Gedachte-experimenten
Na een lezing over de onbekende 19de eeuwse auteur Thomas E. Lumas haalt professor Burlem boekengek Ariel Manto over een proefschrift te schrijven over ‘gedachte-experimenten’. Een onderwerp waar ze maandelijks een column over schrijft. Werk waar ze net van kan leven. Dat gaat op deze manier: “… ‘Ik concentreer me een maand lang op bijvoorbeeld Samuel Butler (ook een Victoriaanse schrijver) en dan zoek ik een link tussen hem en een volgend voorwerp. Mijn column heet “vrije associatie”. Ik ben drie jaar geleden begonnen met de oerknal.’ Burlem lacht. ‘En waar heeft dat toe geleid?’ ‘De eigenschappen van waterstof, de snelheid van het licht, relativiteit, kwantummechanica, de waarschijnlijkheidstheorie, Schrödingers kat, de golffunctie, licht, de luminifere of lichtdragende ether – mijn favoriete onderwerp – experimenten, paradoxen…’ ‘Dus je bent wetenschapper? Begrijp je dat allemaal?’ Ik lachte. ‘O, nee. Helemaal niet. Ik wou dat dat zo was. Ik had waarschijnlijk niet met de oerknal moeten beginnen, maar dat gebeurt als je dat wel doet. Op een gegeven moment kwam ik via kunstmatige intelligentie op Butler terecht en nu ben ik dus met Lumas bezig. Terwijl ik aan het ene onderwerp werk, bepaal ik wat het volgende wordt, zodat ik alle boeken vast kan bestellen…”. En even verder: “…’Ik denk dat mijn probleem is: ik wil alles weten.’ Ik moet wel dronken geweest zijn om dat toe te geven. Gelukkig ging ik niet verder en zei ik niet dat ik alles wilde weten vanwege de grote kans dat als je alles weet er iets is om in te geloven…”. Kijk: daar krijg ik nu echt tranen van in mijn ogen. En ondertussen bedacht ik dat ieder boek misschien wel een ‘gedachte-experiment’ is. Ariel: “… Eh… Ik weet het niet, maar ik hou ervan dat je over wetenschap kunt praten zonder dat er wiskunde aan te pas komt – door middel van metaforen. Op die manier benader ik ook mijn columns. Voor elk idee en iedere theorie is wel een verhaal…”. En dan vertelt ze anekdotes over Einstein die zijn ideeën over relativiteit uitlegde aan de hand van treinen en over als je wilt weten wat de vierde dimensie is, je “Flatland” moet lezen, dat rond 1880 geschreven is.

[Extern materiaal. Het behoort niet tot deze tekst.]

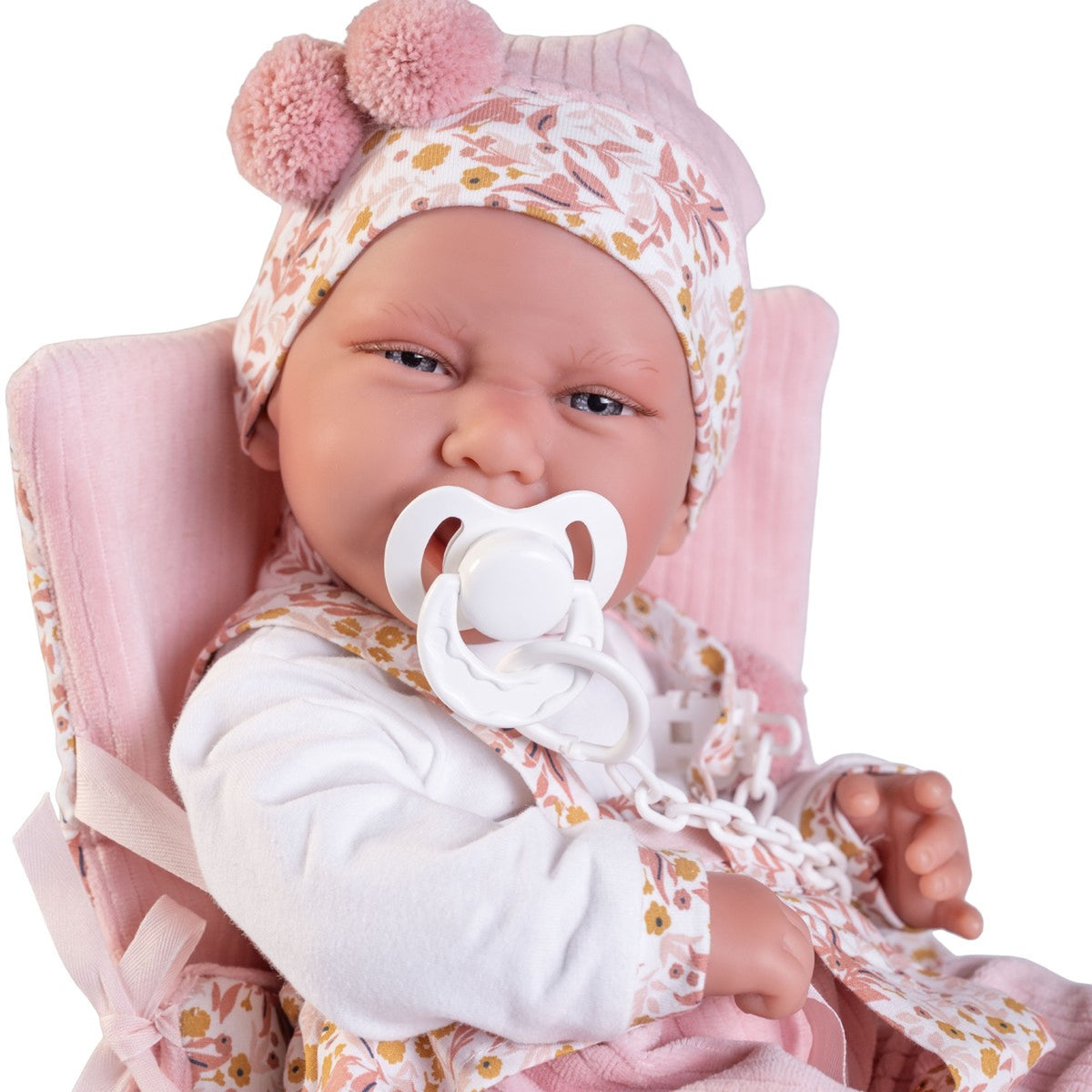 Lalka Hiszpańska Recien Nacida Carla 42 cm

Het verhaal staat vol met dit soort intellectuele uitweidingen. Ik vind het verschrikkelijk leuk – alhoewel ik ondertussen ook recensies heb gelezen van mensen die het verschrikkelijk vervelend vinden.
Drie weken niet eten voor een boek
Professor Burlem raadt zijn promovenda af zich met de excentrieke auteur Lumas (iemand die zijn waanzinnige filosofieën in romans verpakte zodat als mensen het niet met hem eens waren hij altijd kon roepen: het is maar een verhaal) bezig te houden. Daar luistert ze natuurlijk niet naar. Ariel komt in een tweedehands winkeltje Lumas’ zeldzame “The End of Mr. Y” tegen en geeft er zoveel geld aan uit dat ze de eerste drie weken niet meer kan eten, hoewel ze het gerucht kent dat er een vloek op rust: “ … Ik geloof daar natuurlijk niet in, maar sommige mensen denken dat je doodgaat als je het leest…”. Ondertussen is haar supervisor, wiens universiteitskantoor ze mag gebruiken, echter wel in rook opgegaan: “… Ik weet eigenlijk niet zo goed wat ik hier doe zonder Burlem, en het doet me best wat dat hij verdwenen is. Niet dat ik hem mis of zo, maar het doet me wat…”.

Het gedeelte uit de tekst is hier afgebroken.